Musician Raffi Rachdouni, a teacher at the Siamanto Academy, was interviewed by St. Stephens Saturday School student Hagop Ketchedjian, who follows the courses of second year at the Academy, and discussed his artistic beginnings and what drives his career.

When did you first become a musician and what was the reason that you became a musician?

I first started taking piano lessons at age 6 and continued throughout high school. I also enjoyed playing clarinet in band and singing in choir throughout high school. I always loved listening to Armenian music and played many pieces such as Toccata, by Khachaturian; Kakachner, by Spendiaryan, and Enzeli, by Avetisyan. I also danced in Armenian school and Hamazkayin ensembles.

How did you become a teacher for Armenian music? Why did you want to become a teacher?

When I began teaching private lessons as a young adult, I knew I enjoyed being in education. In college, I developed my talent, performed regularly, and fully immersed myself in the world of musicianship. I accepted the role as the music teacher at my Armenian school after college and have been serving the church in a variety of musical ways ever since, for example, one of the organists and Bible Camp music instructors.
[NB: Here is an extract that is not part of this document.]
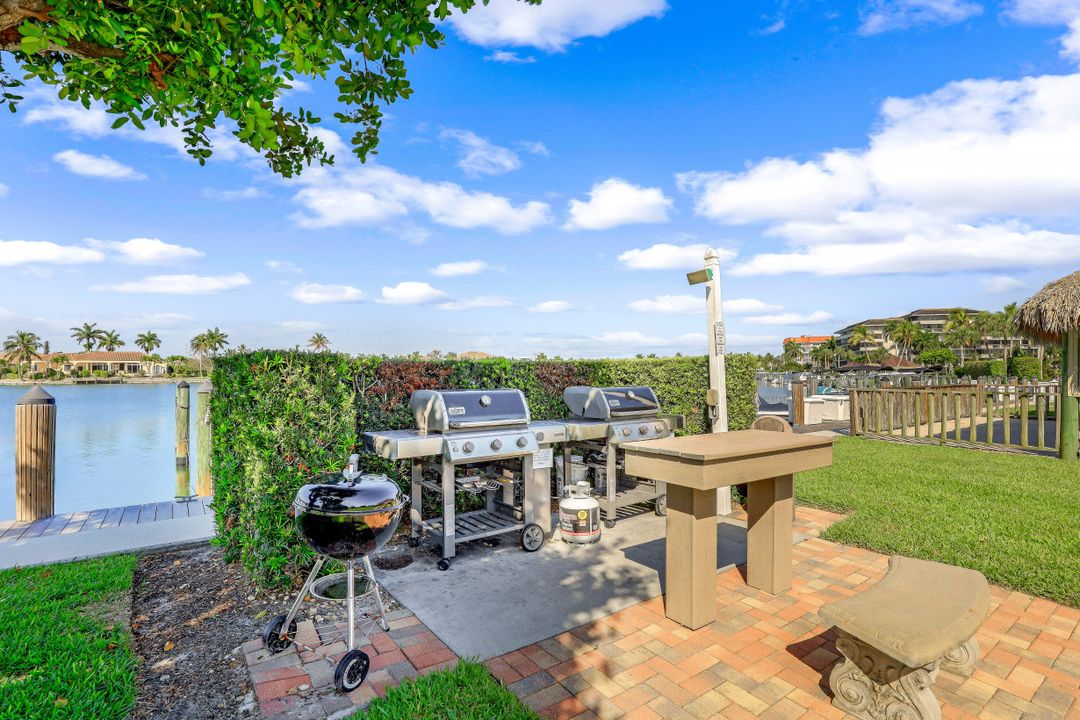 633 Seaview Ct #M-4, Marco Island, FL 34145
It has very much been my pleasure to be a music educator for most of my life, especially when celebrating the music of our wonderful Armenian culture.

Who is your favorite Armenian musician/composer and why?

 I would say my favorite Armenian musicians are members of the Shoghaken Ensemble and Nayirian Ensemble of Armenia due to their beautiful and rich interpretation of the music. I love the works of the aforementioned composers, as well as Arno Babajanyan and Levon Minassian.